Par ces répressions démonstratives, les autorités envoient à la société des signaux délimitant la « zone de danger » au-delà de laquelle ne doit s’aventurer ni l’activité civique publique ni l’exercice des droits civils.

Un autre groupe important de prisonniers sont ceux qui sont persécutés en relation avec l’agression du pouvoir russe contre l’Ukraine, principalement des citoyens ukrainiens. Parmi eux, on remarque un groupe important composé de Tatars de Crimée. Les condamnations prononcées dans ce cadre, à l’exception des Tatars de Crimée, semble être motivées par le soutien à la campagne de propagande anti-ukrainienne des autorités et par la volonté de contrôle des mouvements de protestation de la société russe.

Quant à la persécution des Tatars de Crimée, elle vise à agir sur la population tatare de Crimée dans son ensemble par l’intimidation et la suppression de toute activité organisée d’un peuple qui, victime à plusieurs reprises de répression par l’URSS, a conservé un potentiel de protestation. Dans de nombreux affaires judiciaires en cours, l’objectif évident est précisément la cessation de leurs activités publiques en faveur des droits civils et humains.

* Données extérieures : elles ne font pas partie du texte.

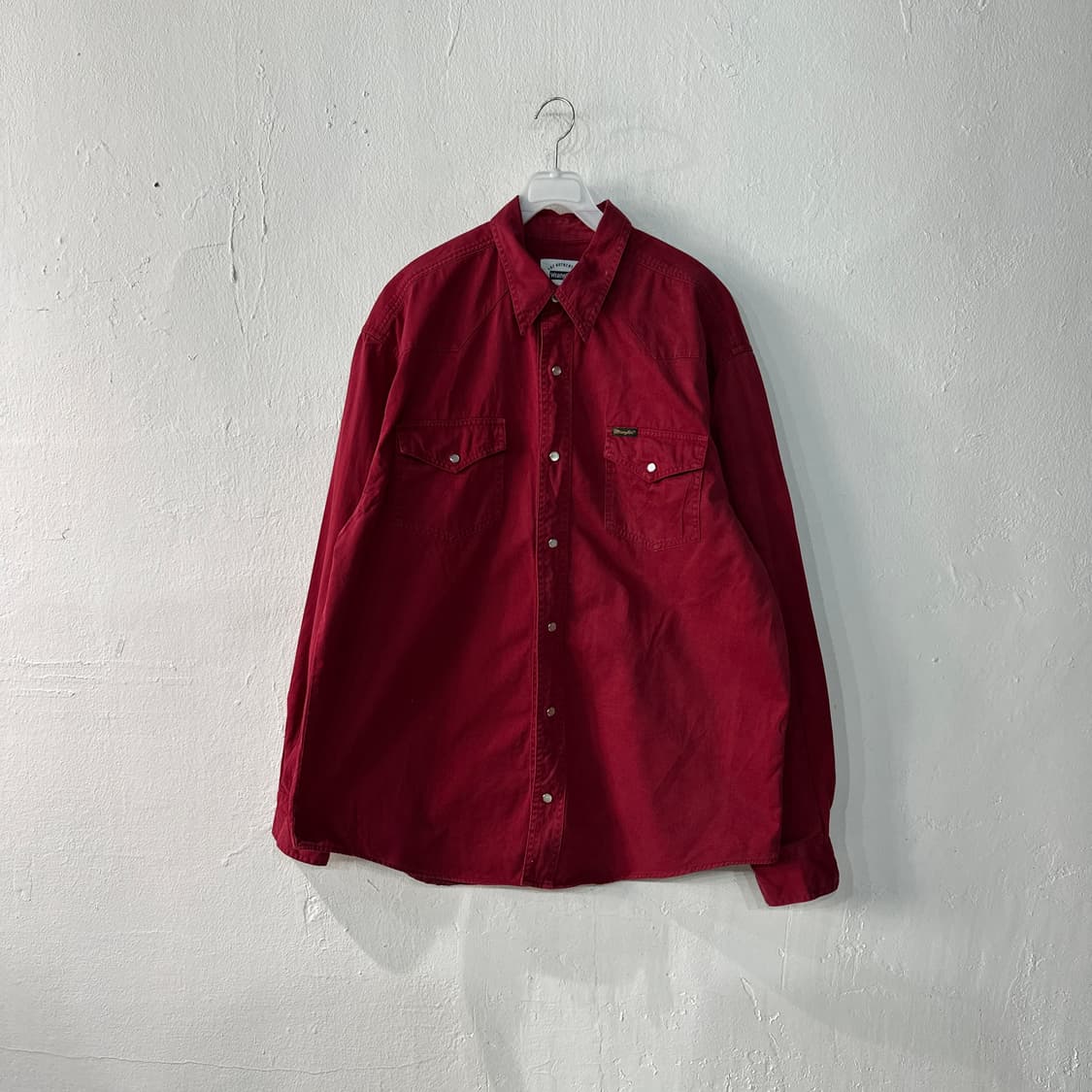 랭글러 웨스턴 셔츠 남방 105 상품이미지1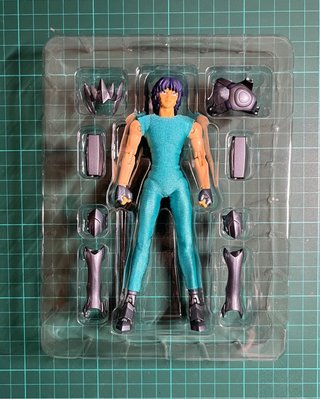 Saint Seiya Myth Cloth Bronces Secundarios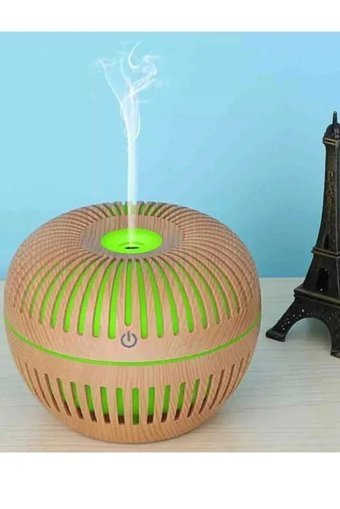 Apiyoo Aromatik Oda Kokusu Difüzörü 200 ml Aromaterapi Işıklı İyonizerli Taşınabilir Şarjlı Mini Soğuk Buhar Makinesi
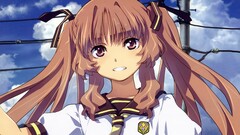 ano natsu de matteru school uniform Yamano Remon Anime brunette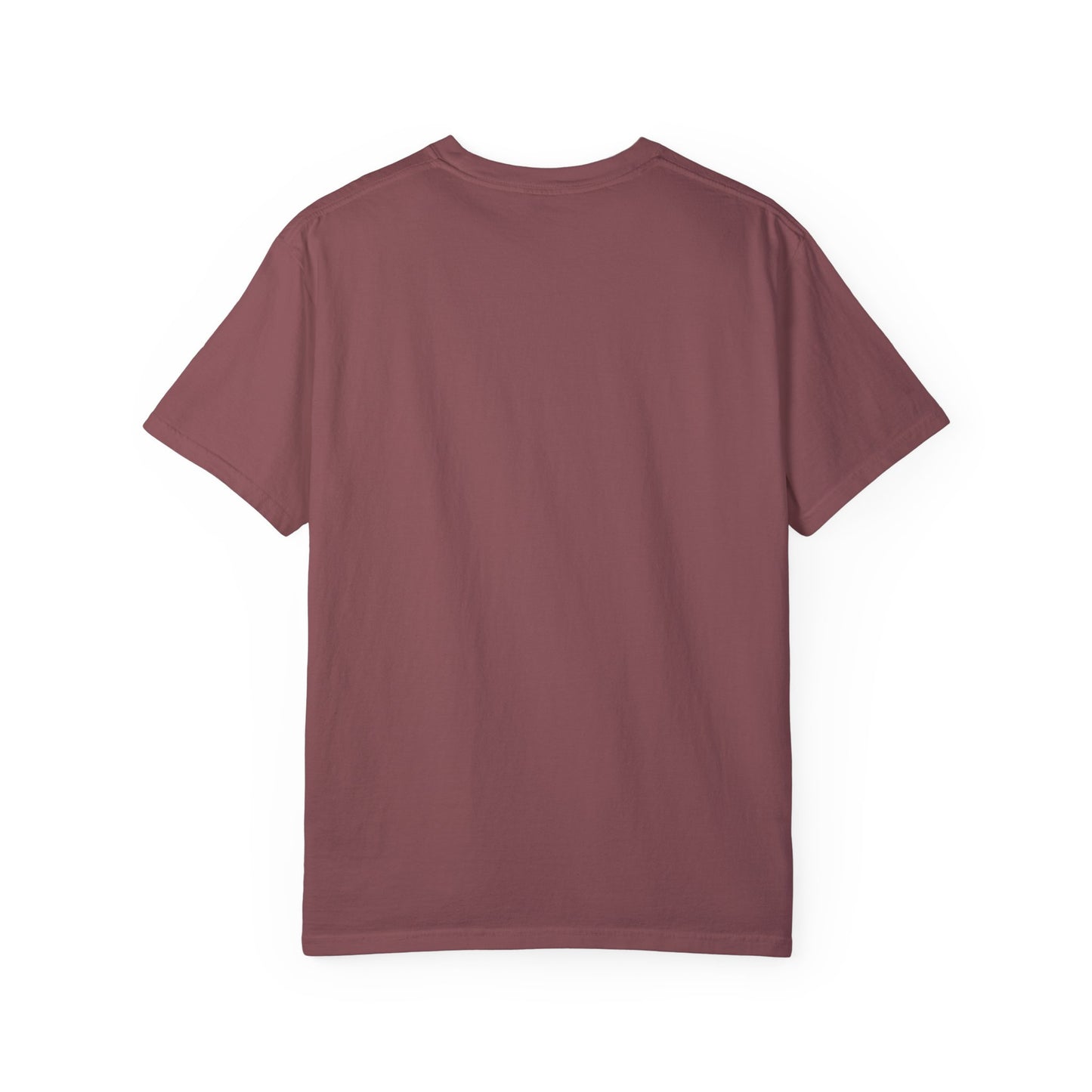Hanover Hospital Unisex Garment-Dyed T-shirt - Comfortable & Stylish Healthcare Apparel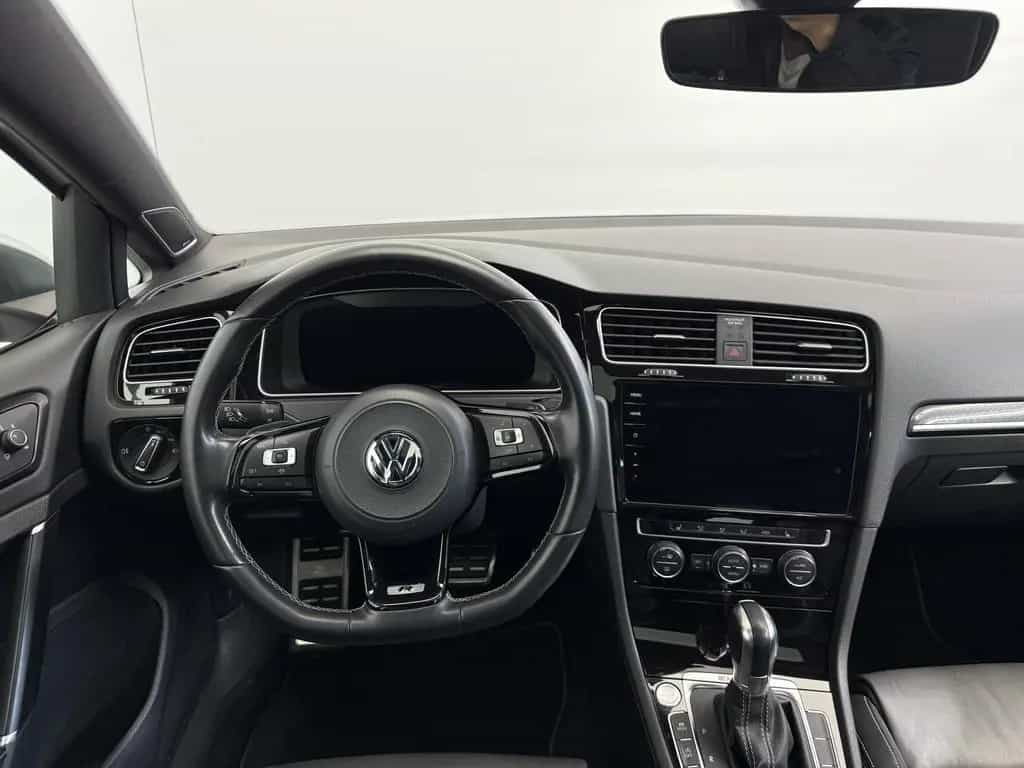 Volkswagen Golf R|2.Hand|Akrapovic|Pano|Virtual|ACC|DCC| 02/2019-photo-10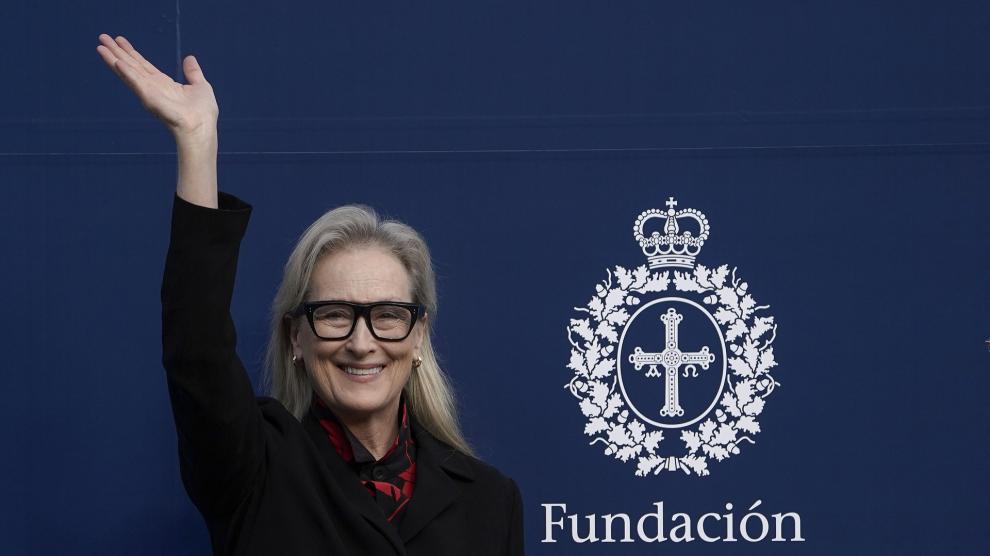 Meryl Streep, Premio Princesa De Asturias De Las Artes 2023, Desata La ...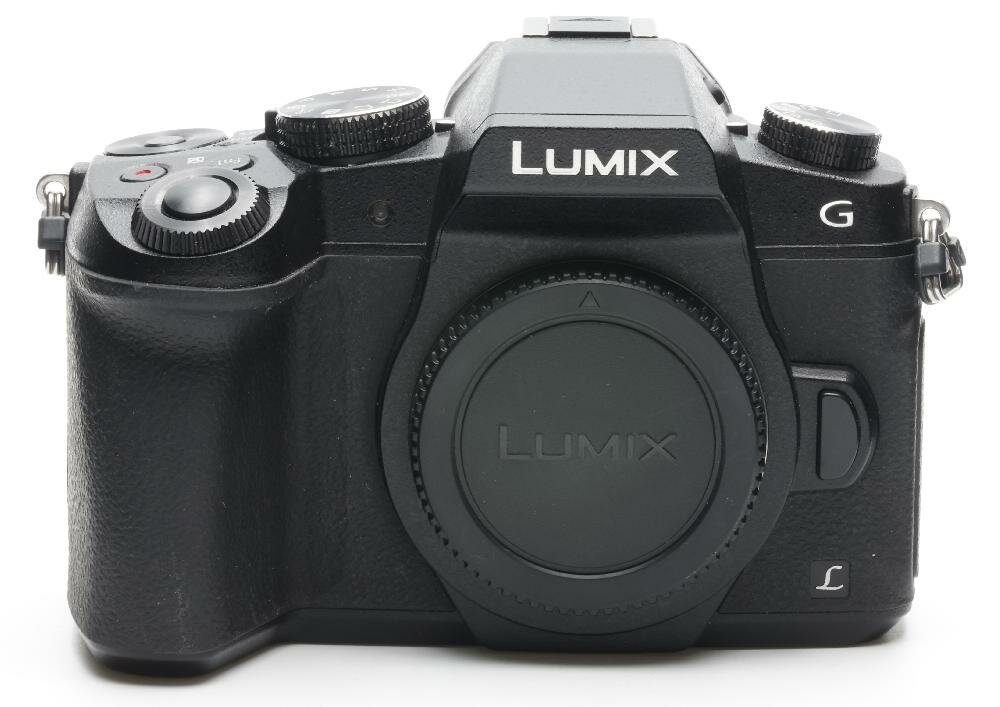 Фотоаппарат Panasonic DMC-G80 Body (sn WE7KB002622)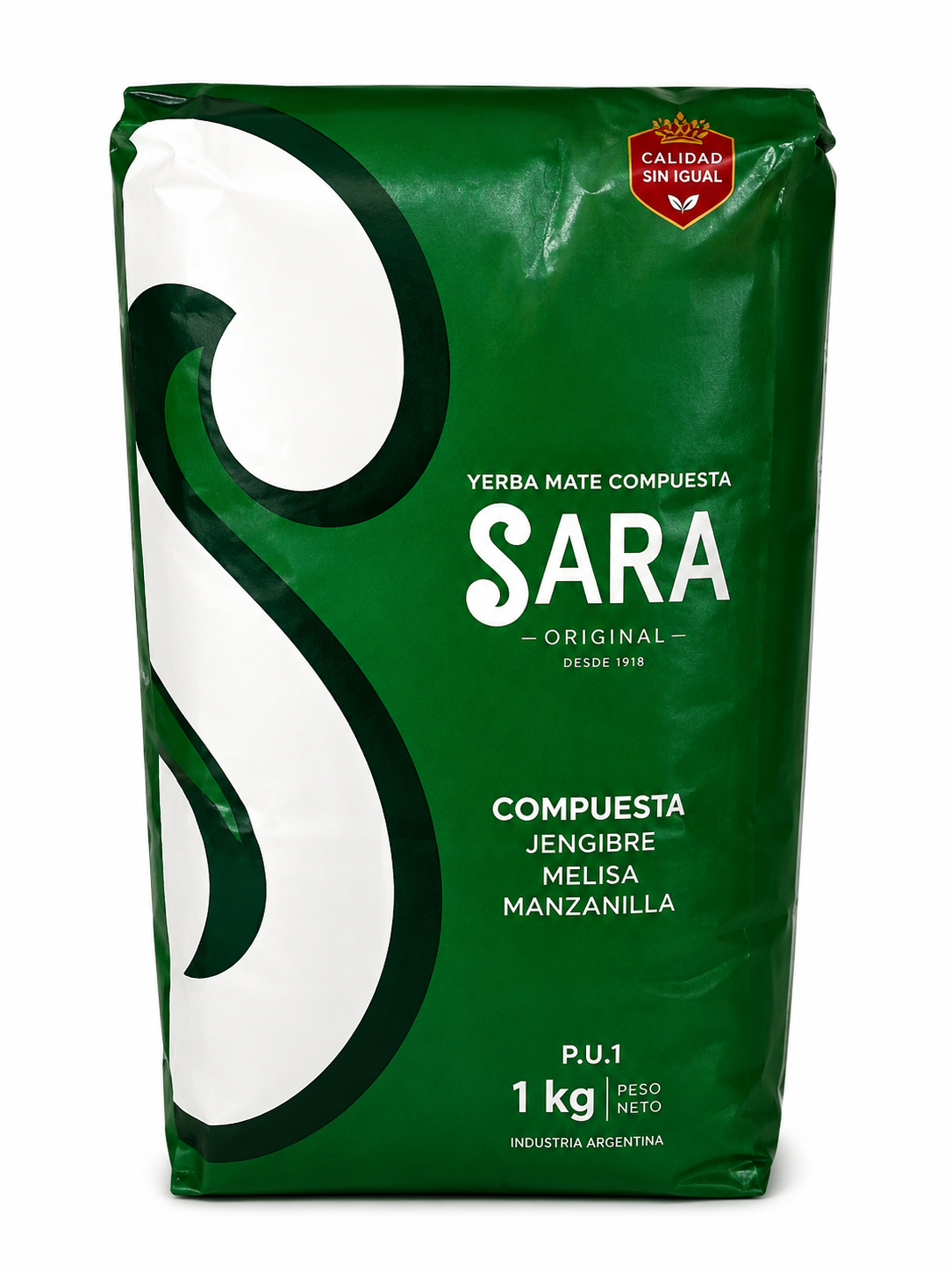 SARA COMPUESTA 1 KG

Enfin, de manière évidente, différents groupes confessionnels peuvent être distingués parmi les prisonniers politiques persécutés en raison de leur appartenance religieuse ou dans le cadre de l’exercice du droit à la liberté de religion. La plupart d’entre eux sont des musulmans, pour la leur majorité des personnes accusées de participer au Hizb ut-Tahrir al-Islami (une organisation religieuse et politique déclarée terroriste et interdite en Fédération de Russie).

Le CDH Mémorial considère aussi comme prisonniers politiques musulmans les partisans du théologien turc Said Nursi accusés d’être membres des organisations déclarées extrémiste et interdites en Fédération de Russie Nurjalar et le mouvement Tablighi Jamaat. Le CDH Mémorial insiste spécifiquement dans ses rapports sur la fabrication d’accusations de terrorisme contre des musulmans qui n’ont participé à aucune activité religieuse ou sociale organisée et qui sont devenus des victimes accidentelles d’une politique du chiffre en matière de lutte contre le terrorisme et de la propagande sur la menace de ce terrorisme islamiste. Mais dans ces affaires, qui comportent  des accusations d’actes criminels concrets, il est particulièrement difficile d’identifier et de prouver de manière convaincante la falsification de preuves. Par conséquent, malgré des signes nombreux, ils figurent rarement sur les listes de prisonniers politiques.

Parmi les autres groupes religieux poursuivis, on peut citer les Témoins de Jéhovah (déclarés extrémistes et interdits en Russie), dont le nombre augmente dans les listes de prisonniers politiques, ainsi que plusieurs dirigeants et membres de l’organisation de l’Église de Scientologie de Saint-Pétersbourg .

On observe également l’apparition d’un autre motif, lié au caractère international d’un certain nombre d’activités faisant l’objet de poursuites. Il s’agit notamment de toutes les organisations musulmanes susmentionnées, dont le Nurdzhalar, mais aussi les Témoins de Jéhovah, le Mouvement «Russie ouverte», les accusés dans l’affaire Novoe Velichie à Moscou, l’affaire B.A.R.S., l’affaire «Réseau» de Penza et de Saint-Petersbourg, et de nombreux cas relevant du groupe ArtPodgotovka. Il semble que ces efforts de pénalisation soient liés aux craintes des autorités concernant toute tentative d’auto-organisation indépendante et d’organisation des citoyens.